Para os peritos, o projeto da pasta cor de rosa
“refere-se à reforma do imóvel da Rua Haberbeck Brandão, 178”, na Vila
Clementino, e o “terreno foi objeto de negociação para atender os
interesses do então presidente Luiz Inácio Lula da Silva”.
Também
foi apreendido na residência da família Lula um contrato de opção de
compra, onde consta como vendedora a Asa Agência Sul Americana, então
proprietária, e como comprador José Carlos Bumlai, amigo do
ex-presidente. A data é anterior à venda para a Odebrecht, e quem assina
o contrato é Teixeira. Ouvido pela PF no fim de junho, o pecuarista
afirmou que não quis participar do negócio. Para os investigadores, sem
Bumlai, a compra acabou sendo feita pela DAG.
PLANILHA DA ODEBRECHT
Embora
a DAG tenha registrado em cartório a compra do prédio por R$ 6,8
milhões, a PF acredita que o valor real foi R$ 12,3 milhões, o mesmo
citado nos e-mails enviados a Teixeira. O valor é considerado compatível
com os R$ 12,4 milhões anotados ao lado da expressão “prédio (IL)”, na
planilha “Programa Especial Italiano”, apreendida no e-mail de Fernando
Migliaccio, um dos executivos do departamento de propinas da Odebrecht.
O
relatório da PF menciona ainda um outro documento, apreendido na sala
de Marcelo Odebrecht e de sua secretária, Darci Luz, que aponta a compra
de um terreno da ASA para construção do “prédio do Instituto” e diz que
o preço foi abaixo do escriturado. Há ainda menção a eventuais riscos a
que a DAG ficaria exposta devido às dívidas relacionadas ao imóvel.
Num
e-mail de setembro de 2010, apreendido nas investigações e divulgado em
maio deste ano pelo jornal “Valor”, Marcelo Odebrecht afirma: “Preciso
mandar uma atualização sobre o novo prédio para o Chefe amanhã. Qual a
melhor maneira?”. O destinatário é Branislav Kontic, braço-direito do
ex-ministro Antonio Palocci.
Em 2012, a DAG passou oficialmente o
imóvel para a Odebrecht Realizações SP 37 Empreendimentos Imobiliários.

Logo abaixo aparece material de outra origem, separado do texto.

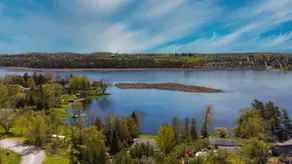 Selwyn Lakefront Retreat Kayaks|Firepit|Treehouse - Image 4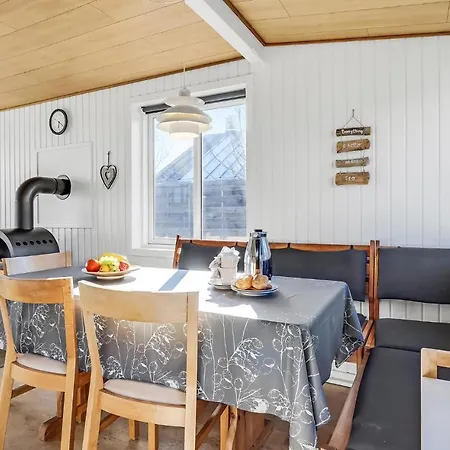 Front In Romo With Wifi Holiday home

Em 2013, o prédio foi vendido novamente, desta vez à MIX
Empreendimentos, que realiza no local um novo projeto.
Procurada,
a Odebrecht não quis se manifestar. Em nota, a DAG disse que a
aquisição se deu “em razão de investimento imobiliário”. A empresa não
quis informar se comprou o imóvel a pedido da Odebrecht. Em nota, o
Instituto Lula informou que funciona em sobrado adquirido em 1991 pelo
antigo Instituto Cidadania e que só considerou construir um prédio
quando apresentou a proposta de Memorial da Democracia, em 2012.
Em nota, Roberto Teixeira afirmou ter assessorado “um cliente, que não é
o Instituto Lula, na aquisição de um imóvel na Vila Clementino” e,
depois, na revenda para a DAG. Segundo ele, o prédio chegou a ser
oferecido ao Instituto Cidadania, mas “não houve interesse” na compra.
“Nada
como juntar partes de episódios reais com invencionices para tentar
criar relações inexistentes”, criticou Teixeira, em nota.